# Exercise prompt
Work out how many lines in the entries below include the word "backdrop". Give nothing but the number.

### Material provided

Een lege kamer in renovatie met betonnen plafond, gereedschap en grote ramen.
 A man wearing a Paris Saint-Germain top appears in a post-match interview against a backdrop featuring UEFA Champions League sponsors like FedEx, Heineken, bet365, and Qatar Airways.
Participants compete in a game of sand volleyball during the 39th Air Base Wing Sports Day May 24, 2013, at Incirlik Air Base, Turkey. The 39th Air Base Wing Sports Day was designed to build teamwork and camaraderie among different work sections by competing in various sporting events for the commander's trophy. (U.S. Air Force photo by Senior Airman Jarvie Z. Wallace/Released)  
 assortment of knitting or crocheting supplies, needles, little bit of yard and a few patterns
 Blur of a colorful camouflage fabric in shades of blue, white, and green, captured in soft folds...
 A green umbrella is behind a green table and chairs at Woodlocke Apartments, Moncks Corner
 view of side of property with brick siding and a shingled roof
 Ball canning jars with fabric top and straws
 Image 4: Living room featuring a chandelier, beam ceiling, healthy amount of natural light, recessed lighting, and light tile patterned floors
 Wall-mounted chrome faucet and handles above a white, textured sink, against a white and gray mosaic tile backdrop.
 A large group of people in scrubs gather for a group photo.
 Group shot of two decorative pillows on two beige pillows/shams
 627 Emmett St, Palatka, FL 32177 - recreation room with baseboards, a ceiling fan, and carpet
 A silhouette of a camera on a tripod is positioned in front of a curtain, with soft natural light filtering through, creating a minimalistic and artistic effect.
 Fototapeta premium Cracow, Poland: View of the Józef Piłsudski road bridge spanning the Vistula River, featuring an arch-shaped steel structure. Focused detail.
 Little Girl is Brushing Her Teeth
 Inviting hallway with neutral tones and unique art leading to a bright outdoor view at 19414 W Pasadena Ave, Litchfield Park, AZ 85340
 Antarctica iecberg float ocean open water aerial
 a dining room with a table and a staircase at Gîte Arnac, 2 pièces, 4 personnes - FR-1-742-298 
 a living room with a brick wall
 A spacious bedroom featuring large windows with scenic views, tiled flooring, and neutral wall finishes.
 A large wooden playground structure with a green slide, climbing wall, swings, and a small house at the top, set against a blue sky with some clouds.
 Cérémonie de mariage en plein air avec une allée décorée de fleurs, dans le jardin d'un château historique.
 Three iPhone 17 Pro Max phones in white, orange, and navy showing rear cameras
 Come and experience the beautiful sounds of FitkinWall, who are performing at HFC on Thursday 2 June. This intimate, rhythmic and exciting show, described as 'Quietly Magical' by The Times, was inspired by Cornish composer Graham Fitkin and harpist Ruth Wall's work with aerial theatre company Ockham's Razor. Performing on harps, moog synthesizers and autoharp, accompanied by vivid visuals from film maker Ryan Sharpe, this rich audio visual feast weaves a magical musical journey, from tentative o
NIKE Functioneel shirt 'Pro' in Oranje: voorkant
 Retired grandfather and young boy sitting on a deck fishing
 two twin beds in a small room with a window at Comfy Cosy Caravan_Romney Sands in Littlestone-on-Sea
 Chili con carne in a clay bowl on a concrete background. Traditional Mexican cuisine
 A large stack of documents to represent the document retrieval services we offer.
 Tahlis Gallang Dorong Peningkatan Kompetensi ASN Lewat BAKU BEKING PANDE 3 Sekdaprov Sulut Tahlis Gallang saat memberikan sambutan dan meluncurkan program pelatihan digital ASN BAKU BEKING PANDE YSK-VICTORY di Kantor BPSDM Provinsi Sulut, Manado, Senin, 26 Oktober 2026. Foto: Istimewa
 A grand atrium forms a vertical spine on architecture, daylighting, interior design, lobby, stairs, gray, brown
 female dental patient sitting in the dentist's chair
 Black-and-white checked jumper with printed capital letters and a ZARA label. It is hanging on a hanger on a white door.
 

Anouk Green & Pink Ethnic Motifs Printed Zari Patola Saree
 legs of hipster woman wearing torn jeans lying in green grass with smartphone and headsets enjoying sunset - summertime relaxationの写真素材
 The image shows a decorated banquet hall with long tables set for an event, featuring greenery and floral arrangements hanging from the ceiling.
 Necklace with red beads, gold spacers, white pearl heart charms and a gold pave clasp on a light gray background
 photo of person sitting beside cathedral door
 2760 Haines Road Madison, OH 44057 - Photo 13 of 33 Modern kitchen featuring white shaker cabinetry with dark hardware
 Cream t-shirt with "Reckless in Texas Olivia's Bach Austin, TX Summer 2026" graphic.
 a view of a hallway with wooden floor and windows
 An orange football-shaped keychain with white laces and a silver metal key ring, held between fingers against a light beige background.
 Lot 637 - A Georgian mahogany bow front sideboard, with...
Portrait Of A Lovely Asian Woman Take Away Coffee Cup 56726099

######

# Reply
2